- Task item: With both ends included, repeat exactly the lines of the entries below from the one containing "Even though you're" down to the one containing "And now we are", and no others.

- Records provided:
_ _ _ _ _
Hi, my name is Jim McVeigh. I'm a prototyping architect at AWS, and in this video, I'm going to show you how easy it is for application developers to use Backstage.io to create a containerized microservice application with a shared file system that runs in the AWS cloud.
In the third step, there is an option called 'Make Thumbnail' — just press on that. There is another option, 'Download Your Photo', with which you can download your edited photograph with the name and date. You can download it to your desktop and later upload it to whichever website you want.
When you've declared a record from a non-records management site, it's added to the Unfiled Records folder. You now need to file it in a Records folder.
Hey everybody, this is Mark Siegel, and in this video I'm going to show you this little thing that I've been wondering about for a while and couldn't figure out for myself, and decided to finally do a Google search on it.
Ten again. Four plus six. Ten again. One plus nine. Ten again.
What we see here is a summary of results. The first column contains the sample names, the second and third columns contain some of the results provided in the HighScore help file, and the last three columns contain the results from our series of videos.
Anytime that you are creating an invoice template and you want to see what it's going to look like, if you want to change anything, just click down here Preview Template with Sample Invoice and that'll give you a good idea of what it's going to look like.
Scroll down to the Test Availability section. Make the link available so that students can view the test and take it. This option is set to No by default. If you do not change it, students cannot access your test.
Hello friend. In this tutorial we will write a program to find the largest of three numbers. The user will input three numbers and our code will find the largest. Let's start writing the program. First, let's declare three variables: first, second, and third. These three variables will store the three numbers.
_ _ _ _ _
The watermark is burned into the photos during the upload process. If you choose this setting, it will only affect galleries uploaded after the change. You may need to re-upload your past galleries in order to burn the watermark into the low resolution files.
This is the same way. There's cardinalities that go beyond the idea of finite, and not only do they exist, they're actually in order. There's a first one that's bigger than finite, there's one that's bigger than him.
_ _ _ _ _
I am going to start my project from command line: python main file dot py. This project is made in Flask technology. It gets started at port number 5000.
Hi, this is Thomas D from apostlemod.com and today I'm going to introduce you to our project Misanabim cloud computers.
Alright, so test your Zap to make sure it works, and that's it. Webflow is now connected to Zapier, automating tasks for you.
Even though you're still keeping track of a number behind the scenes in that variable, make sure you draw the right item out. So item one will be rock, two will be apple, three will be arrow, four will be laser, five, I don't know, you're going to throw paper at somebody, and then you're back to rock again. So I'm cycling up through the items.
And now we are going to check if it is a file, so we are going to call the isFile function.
_ _ _ _ _
- Answer area:
Even though you're still keeping track of a number behind the scenes in that variable, make sure you draw the right item out. So item one will be rock, two will be apple, three will be arrow, four will be laser, five, I don't know, you're going to throw paper at somebody, and then you're back to rock again. So I'm cycling up through the items.
And now we are going to check if it is a file, so we are going to call the isFile function.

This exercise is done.